A report on the potential effects relating to the construction of the Grand Ethiopian Renaissance Dam was delivered to President Mohamed Morsi on Sunday by the Egyptian members of an international panel of experts (IPoE) responsible for drafting the findings. Following the meeting Morsi called for a national meeting and has invited leaders from major political parties including prominent figures from the National Salvation Front.
The Egyptian delegation met with Morsi at the Presidential Palace on Sunday morning. Minister of Foreign Affairs Mohamed Kamel Amr and Minister of Irrigation and Water Resources Mohamed Bahaa Al-Din are also expected to attend the meeting, according to a presidential statement published on Sunday.

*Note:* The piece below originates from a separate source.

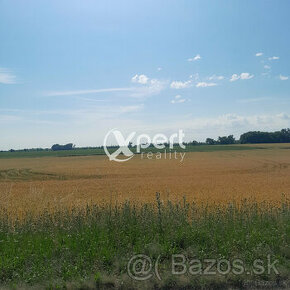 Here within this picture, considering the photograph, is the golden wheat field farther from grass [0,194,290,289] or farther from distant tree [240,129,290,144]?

The delegation presented the final findings of the report, which Egypt wants to be the basis for any decision regarding the issue of the construction of the dam. According to the presidency’s statement the delegation will discuss “the extent to which Egypt’s expectations are met in securing water resources” without affecting Egypt’s share of the Nile waters.
Following the Sunday morning meeting, Morsi called for a “national meeting of [political] groups, political parties and some popular figures to inform them of the results of the report and display the presidency’s vision of dealing with the situation”. The meeting is scheduled to take place on Monday afternoon.

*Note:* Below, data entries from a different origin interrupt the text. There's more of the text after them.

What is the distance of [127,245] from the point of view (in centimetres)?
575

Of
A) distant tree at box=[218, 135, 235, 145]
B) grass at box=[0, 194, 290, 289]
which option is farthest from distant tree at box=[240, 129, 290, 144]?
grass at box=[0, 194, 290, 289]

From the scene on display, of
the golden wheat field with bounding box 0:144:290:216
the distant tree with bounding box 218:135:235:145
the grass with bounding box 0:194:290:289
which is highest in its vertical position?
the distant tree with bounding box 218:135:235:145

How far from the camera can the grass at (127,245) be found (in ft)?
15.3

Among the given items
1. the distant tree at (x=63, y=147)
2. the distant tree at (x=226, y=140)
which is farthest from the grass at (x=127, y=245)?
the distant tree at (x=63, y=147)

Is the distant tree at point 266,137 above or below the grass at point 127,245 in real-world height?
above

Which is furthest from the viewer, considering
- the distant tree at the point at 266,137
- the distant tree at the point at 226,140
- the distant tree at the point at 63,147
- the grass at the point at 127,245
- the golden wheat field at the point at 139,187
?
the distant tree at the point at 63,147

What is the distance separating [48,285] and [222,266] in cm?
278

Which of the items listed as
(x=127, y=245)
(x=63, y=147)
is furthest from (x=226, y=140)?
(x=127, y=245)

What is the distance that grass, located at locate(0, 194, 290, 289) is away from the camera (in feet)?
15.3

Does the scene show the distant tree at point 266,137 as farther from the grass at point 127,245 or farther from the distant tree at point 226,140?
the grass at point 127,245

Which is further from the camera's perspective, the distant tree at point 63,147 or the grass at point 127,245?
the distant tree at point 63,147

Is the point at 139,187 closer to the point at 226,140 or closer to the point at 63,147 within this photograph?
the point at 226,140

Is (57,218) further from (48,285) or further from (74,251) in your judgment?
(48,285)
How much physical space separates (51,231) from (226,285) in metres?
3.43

Presidential adviser for Political Affairs Pakinam El-Sharkawy announced that Morsi had tasked her with extending invitations to prominent political figures including Freedom and Justice Party Chairman Saad El-Katatni, Al-Nour Party Chairman Younis Makhyoun, National Salvation Front and Al-Dostour Party leader Mohamed ElBaradei, Conference Party Chairman Amr Moussa, Ghad Al-Thawra Party Chairman Ayman Nour, former presidential candidate and Misr Al-Qawia Party leader Abdel Moneim Fotouh, Al-Tayar Al-Sha’aby leader Hamdeen Sabahy, disqualified presidential candidate and Al-Raya Party leader Hazem Abu Ismail, Al-Wafd Party Chairman El-Sayed El-Badawi, Free Egyptians Party Chairman Ahmed Saeed, Egypt’s Future Party Chairman Amr Khaled, as well as political leaders like Abdel Ghafar Shukr, Mohamed Abul-Ghar, Amr Hamzawy and representatives from the Al-Azhar and the Coptic Church.

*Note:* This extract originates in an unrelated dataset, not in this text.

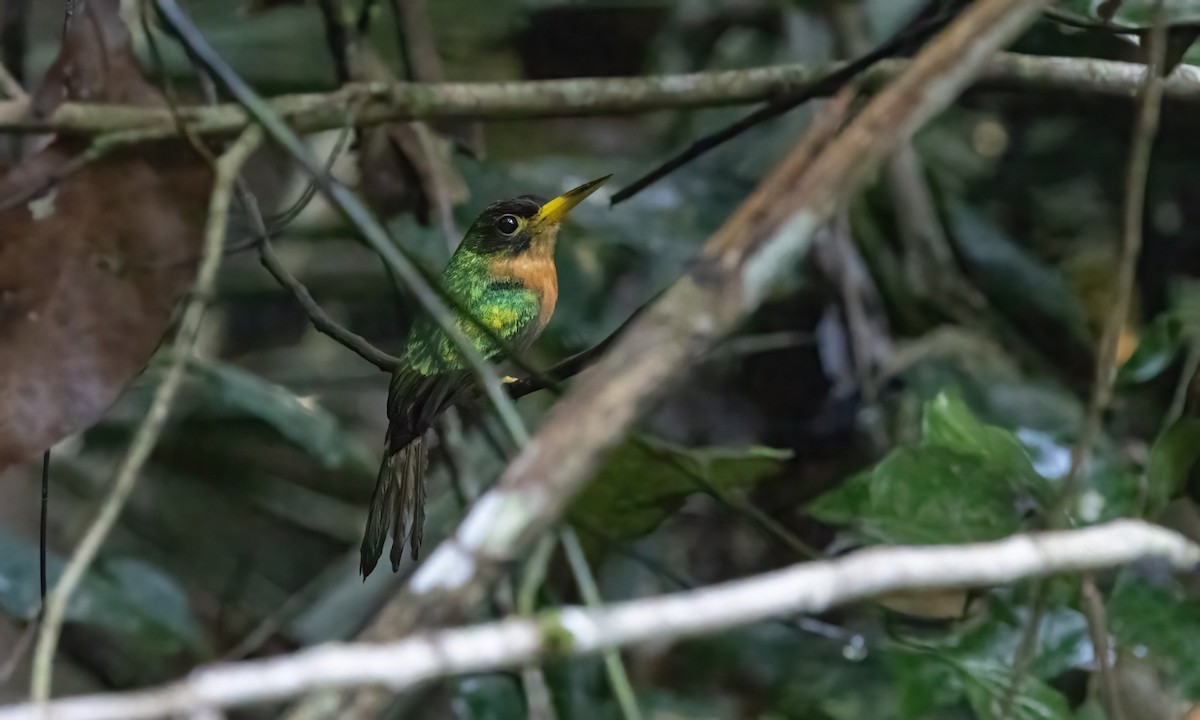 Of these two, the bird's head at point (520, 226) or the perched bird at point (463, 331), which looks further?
the bird's head at point (520, 226)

The IPoE tripartite committee is made up of representatives from Egypt, Sudan and Ethiopia as well as experts in the fields of water resources, hydrologic modelling and dam engineering.
Ethiopia began diverting water from the one of the Nile’s main tributaries, the Blue Nile on 28 May. Many described the move as a surprise, but Bahaa Al-Din denied this saying the process started “some time ago”. He also described the diversion of the water to be an “engineering procedure”, adding that it would not stop the flow of water to Egypt.
Prime Minister Hesham Qandil met with his Ethiopian counterpart Hailemariam Desalegn on Saturday on the sidelines of an international conference on African Development being held in Tokyo. The two prime ministers agreed on three principles, the first being the dam would not affect Egypt’s share of Nile water. Secondly, Qandil insisted Ethiopia uphold its commitments and prior agreements moving forward. The third principle agreed upon was to wait for the IPoE report before Egypt takes any further action.
There are fears in Egypt and Sudan that the construction of the dam will impact the downstream countries’ share of the Nile Water. Egypt has held the largest share of the water as per agreements signed in 1929 and 1959, which guaranteed Egypt 55.5 billion cubic metres of the estimated 84 billion cubic metres available annually.